Dataset entries >>
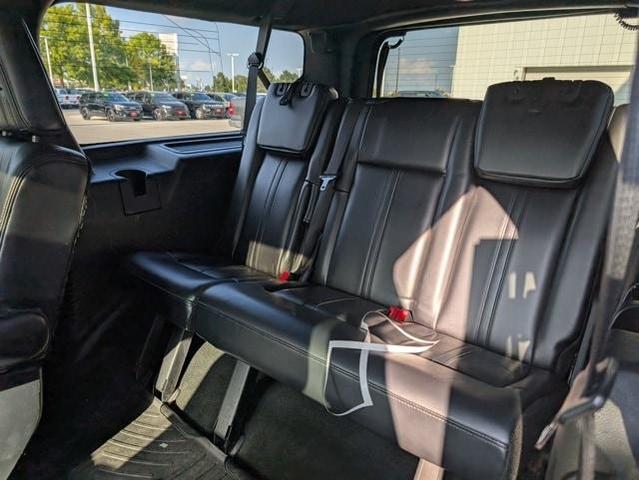Photo of 2015 Tuxedo Black Metallic Lincoln Navigator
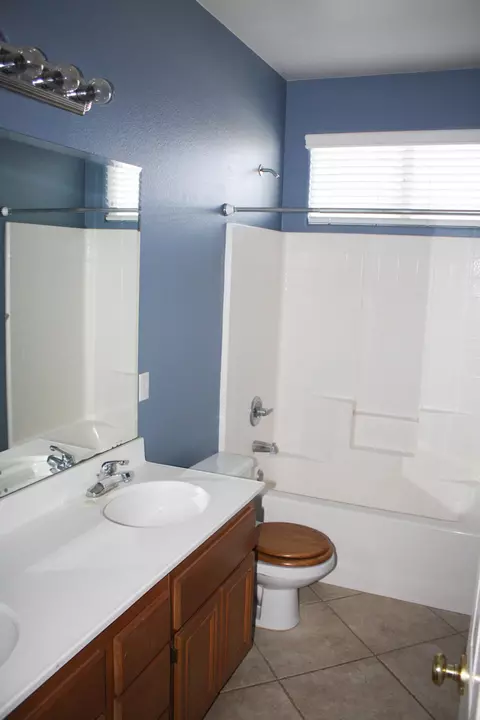44158 Amethyst St, Lancaster, CA 93536 photo 12
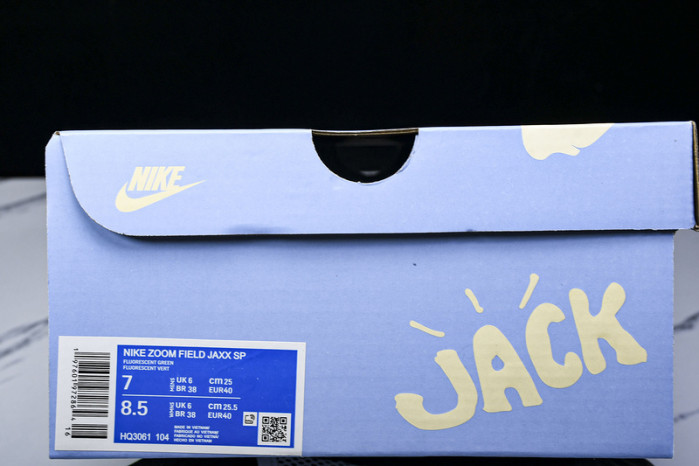 Travis Scott x Nike Zoom HQ3061-104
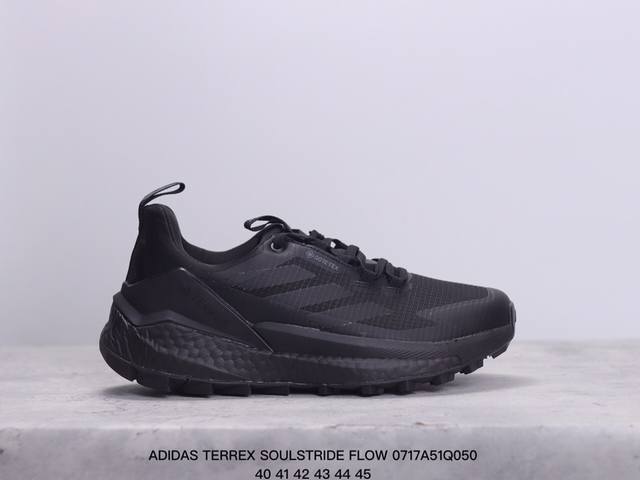 Adidas Terrex官方男鞋soulstride Flow跑步鞋户外运动鞋越野跑鞋。Soulstride Flow，它是terrex专为长距离越野推出的首 - 点击图像关闭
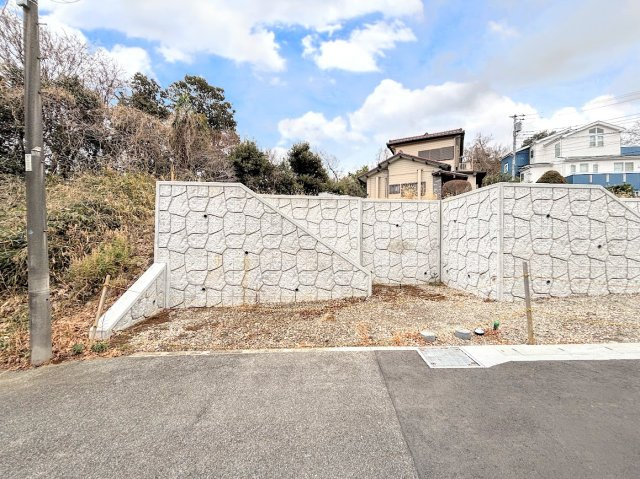 戸塚区戸塚町　新築戸建ての外観|◆一戸建てを中心とした街並みが整然と続き、周辺は高い建物が建っていないので、緑の多い閑静な趣を感じる環境です。街並みや周辺環境も重要なポイントです！！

What to do >> Where the material above includes pictures, omit them and retype everything else exactly.

Response to the task >>
Photo of 2015 Tuxedo Black Metallic Lincoln Navigator
44158 Amethyst St, Lancaster, CA 93536 photo 12
 Travis Scott x Nike Zoom HQ3061-104
 Adidas Terrex官方男鞋soulstride Flow跑步鞋户外运动鞋越野跑鞋。Soulstride Flow，它是terrex专为长距离越野推出的首 - 点击图像关闭
 戸塚区戸塚町　新築戸建ての外観|◆一戸建てを中心とした街並みが整然と続き、周辺は高い建物が建っていないので、緑の多い閑静な趣を感じる環境です。街並みや周辺環境も重要なポイントです！！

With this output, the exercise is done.